In the final section, which explores employment transitions, characteristics of mothers were taken from the Wave 10 (2010) survey and analysed according to their employment status one year later, as identified in Wave 11. For this section, some data from earlier waves were used instead, when items of interest had not been collected in Wave 10. For those items, the most recent year in which they had been collected was used. Some were from 2008 (e.g., work-family attitudes), others from 2007 (e.g., measures of sense of personal autonomy).
The choice of characteristics to be examined in these analyses was guided by the literature on the determinants of maternal employment. This led to the inclusion of variables such as age of youngest child, education level and health status. Additional characteristics were examined to explore relationships between more subjective measures of wellbeing and maternal employment. Associations between work-family attitudes and maternal employment were also explored, given the possible role of preferences in explaining mothers' participation in employment.

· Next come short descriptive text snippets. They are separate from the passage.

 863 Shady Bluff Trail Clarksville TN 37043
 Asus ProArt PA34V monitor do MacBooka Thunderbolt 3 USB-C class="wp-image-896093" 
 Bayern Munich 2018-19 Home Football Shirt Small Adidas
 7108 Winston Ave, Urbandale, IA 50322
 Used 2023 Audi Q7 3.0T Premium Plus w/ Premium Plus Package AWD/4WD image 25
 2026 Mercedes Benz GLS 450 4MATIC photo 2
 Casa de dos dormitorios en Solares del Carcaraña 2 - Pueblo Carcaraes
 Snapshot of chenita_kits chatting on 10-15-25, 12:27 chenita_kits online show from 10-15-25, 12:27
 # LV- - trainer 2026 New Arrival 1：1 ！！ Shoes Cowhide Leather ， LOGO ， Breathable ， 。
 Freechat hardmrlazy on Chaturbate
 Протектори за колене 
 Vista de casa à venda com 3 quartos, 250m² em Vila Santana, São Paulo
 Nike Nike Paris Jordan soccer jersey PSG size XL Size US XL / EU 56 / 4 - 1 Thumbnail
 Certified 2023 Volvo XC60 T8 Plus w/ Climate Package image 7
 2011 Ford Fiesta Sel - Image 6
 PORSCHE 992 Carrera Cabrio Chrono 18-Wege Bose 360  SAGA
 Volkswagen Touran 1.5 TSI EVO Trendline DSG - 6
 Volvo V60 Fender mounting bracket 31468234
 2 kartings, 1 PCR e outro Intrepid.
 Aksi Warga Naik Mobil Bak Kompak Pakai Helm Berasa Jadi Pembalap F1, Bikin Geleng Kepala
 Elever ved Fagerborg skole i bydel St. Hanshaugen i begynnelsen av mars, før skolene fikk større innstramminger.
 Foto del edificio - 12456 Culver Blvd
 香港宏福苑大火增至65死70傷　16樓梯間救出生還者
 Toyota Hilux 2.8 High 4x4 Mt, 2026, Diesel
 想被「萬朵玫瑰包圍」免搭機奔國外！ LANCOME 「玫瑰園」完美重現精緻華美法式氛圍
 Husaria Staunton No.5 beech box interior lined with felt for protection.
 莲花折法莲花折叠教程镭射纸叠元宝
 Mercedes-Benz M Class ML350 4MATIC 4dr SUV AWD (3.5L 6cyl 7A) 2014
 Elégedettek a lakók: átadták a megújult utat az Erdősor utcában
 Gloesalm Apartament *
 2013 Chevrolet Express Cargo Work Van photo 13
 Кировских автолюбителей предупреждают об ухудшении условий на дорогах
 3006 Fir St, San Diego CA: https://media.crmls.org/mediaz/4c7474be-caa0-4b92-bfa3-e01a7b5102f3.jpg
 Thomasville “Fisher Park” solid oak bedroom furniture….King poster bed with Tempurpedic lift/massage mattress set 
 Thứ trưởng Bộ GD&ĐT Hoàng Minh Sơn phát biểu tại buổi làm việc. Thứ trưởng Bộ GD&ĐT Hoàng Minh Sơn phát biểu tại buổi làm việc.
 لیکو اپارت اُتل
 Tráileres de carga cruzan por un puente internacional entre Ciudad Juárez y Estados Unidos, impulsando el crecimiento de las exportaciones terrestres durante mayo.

Wave-specific cross-sectional sample weights were used to adjust for non-response in the calculations of means and percentages. Statistical tests of differences in means (t-tests) and distributions (chi-square tests) were applied to unweighted data. Statistically significant differences (at p < .05) have been indicated throughout the report.
7 In Wave 11, there were 1,936 mothers from the prior sample and 633 from the top-up sample.
8 Each survey wave begins in August and almost all surveys are completed before the end of December.
9 Financial year data do not necessarily capture very recent work history for those who were interviewed some months into the new financial year. It is possible to derive other calendar data pertaining to the twelve months prior to the interview, but for this report, due to the complexity involved in undertaking these derivations, attention is restricted to the previous financial year (for which derived measures are provided with the dataset).